▶ AVAILABLE DATA
+===+

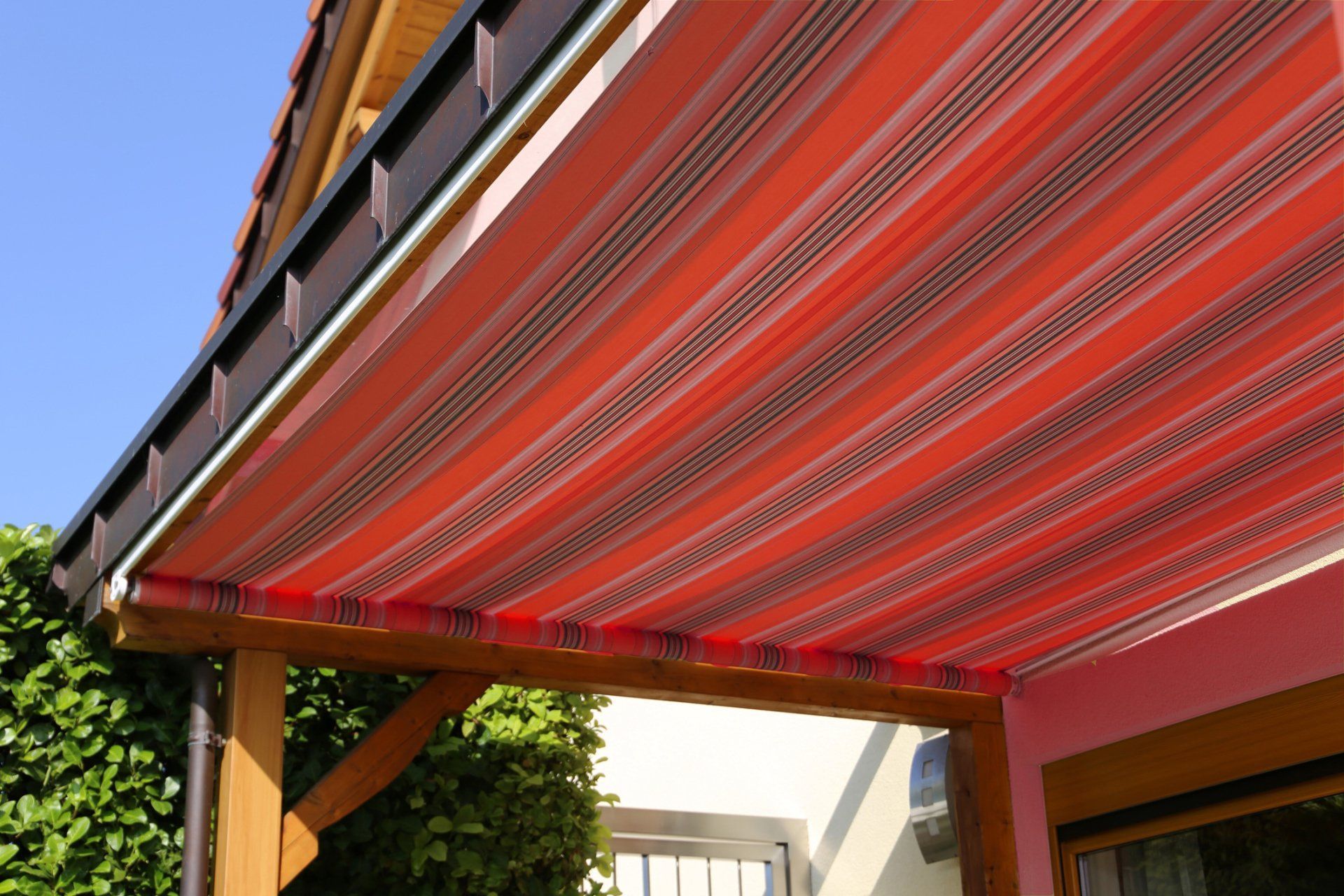 Red and white striped awning covering a wooden patio; sunny outdoors.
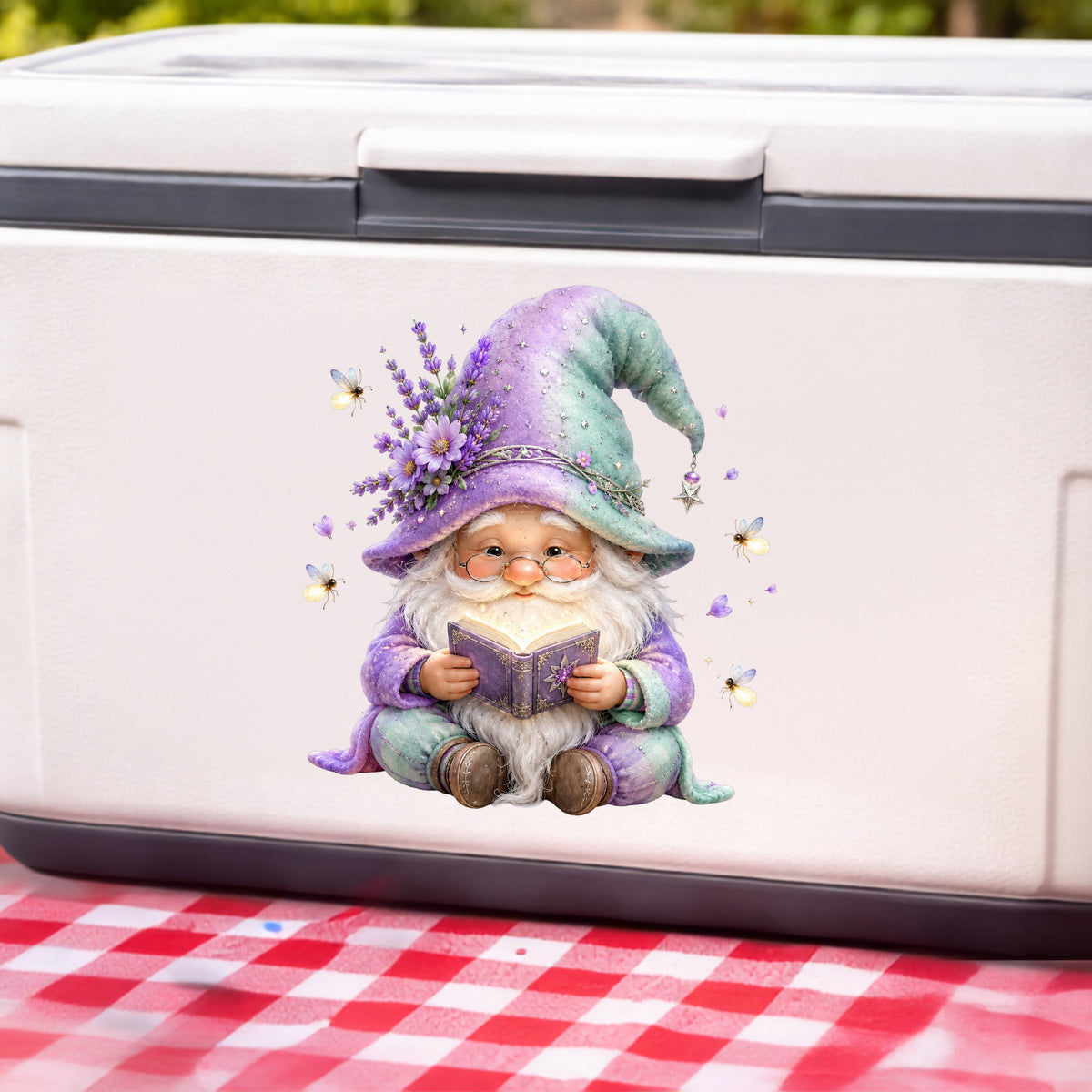 Lavender Reading Gnome With Fireflies UV DTF sticker applied to a white cooler on a red gingham cloth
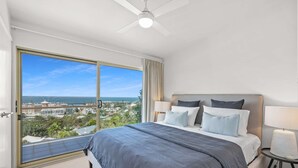 Ein modernes Schlafzimmer mit einem großen Bett, zwei Nachttischlampen, einem Deckenventilator und Blick auf eine Küstenstadt durch eine Schiebetür aus Glas.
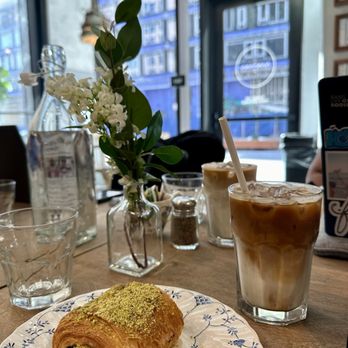 maman - pistachio chocolate croissant and an iced latte - Bakeries Near Me - Washington, DC, District of Columbia maman - pistachio chocolate croissant and an iced latte - Bakeries Near Me - Washington, DC, District of Columbia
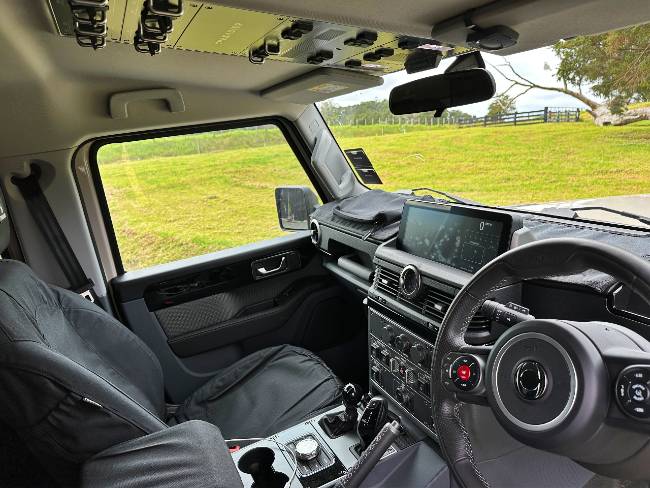 Ineos Grenadier interior with canvas seat covers, easy hose-down floor, and switches for Africa on the roof.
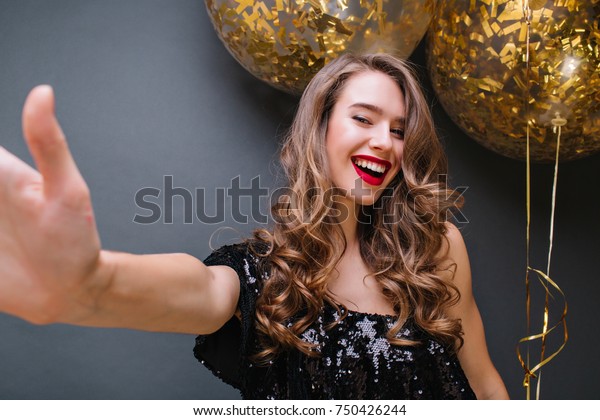 お祭りの間 暗い背景に自撮りをする赤い唇をした興奮した金髪の女の子 パーティー風船の前にポーズをとる黒いドレスを着た ヨーロッパ人の喜ばしい女性モデルの室内ポートレート の写真素材 今すぐ編集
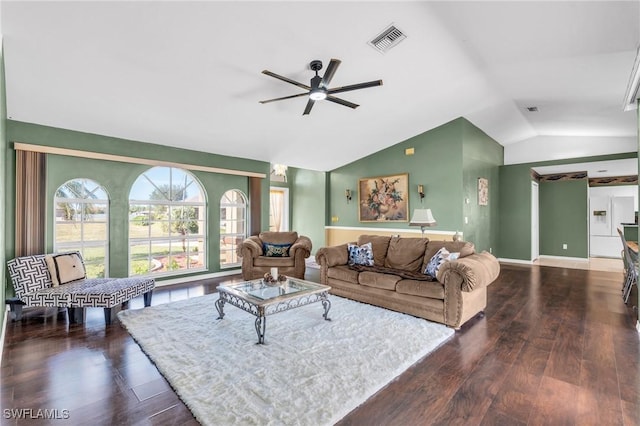 living room with baseboards, visible vents, dark wood finished floors, lofted ceiling, and ceiling fan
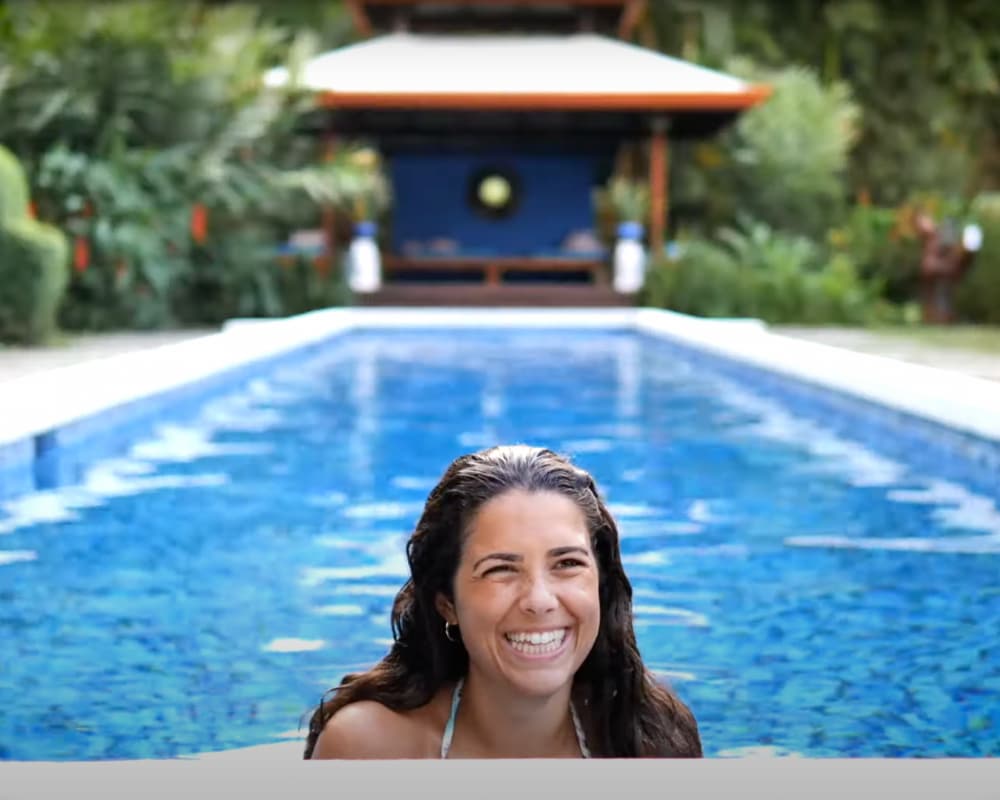 A smiling woman emerges from a refreshing swimming pool, highlighting the luxurious amenities and serene settings often found at Bali yoga retreat villas and spas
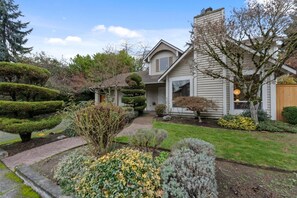 A residential property with a well-maintained garden, a two-story house, and a visible chimney. - Chic 3BR Home | Foosball • Great Location@Bellevue (Bellevue)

+===+

▶ PROBLEM
In the data above, please extract the lines from the first one through the line with "living room with", exactly, and keep pictures out.

▶ ANSWER FOR THE TASK
 Red and white striped awning covering a wooden patio; sunny outdoors.
 Lavender Reading Gnome With Fireflies UV DTF sticker applied to a white cooler on a red gingham cloth
 Ein modernes Schlafzimmer mit einem großen Bett, zwei Nachttischlampen, einem Deckenventilator und Blick auf eine Küstenstadt durch eine Schiebetür aus Glas.
 maman - pistachio chocolate croissant and an iced latte - Bakeries Near Me - Washington, DC, District of Columbia maman - pistachio chocolate croissant and an iced latte - Bakeries Near Me - Washington, DC, District of Columbia
 Ineos Grenadier interior with canvas seat covers, easy hose-down floor, and switches for Africa on the roof.
 お祭りの間 暗い背景に自撮りをする赤い唇をした興奮した金髪の女の子 パーティー風船の前にポーズをとる黒いドレスを着た ヨーロッパ人の喜ばしい女性モデルの室内ポートレート の写真素材 今すぐ編集
 living room with baseboards, visible vents, dark wood finished floors, lofted ceiling, and ceiling fan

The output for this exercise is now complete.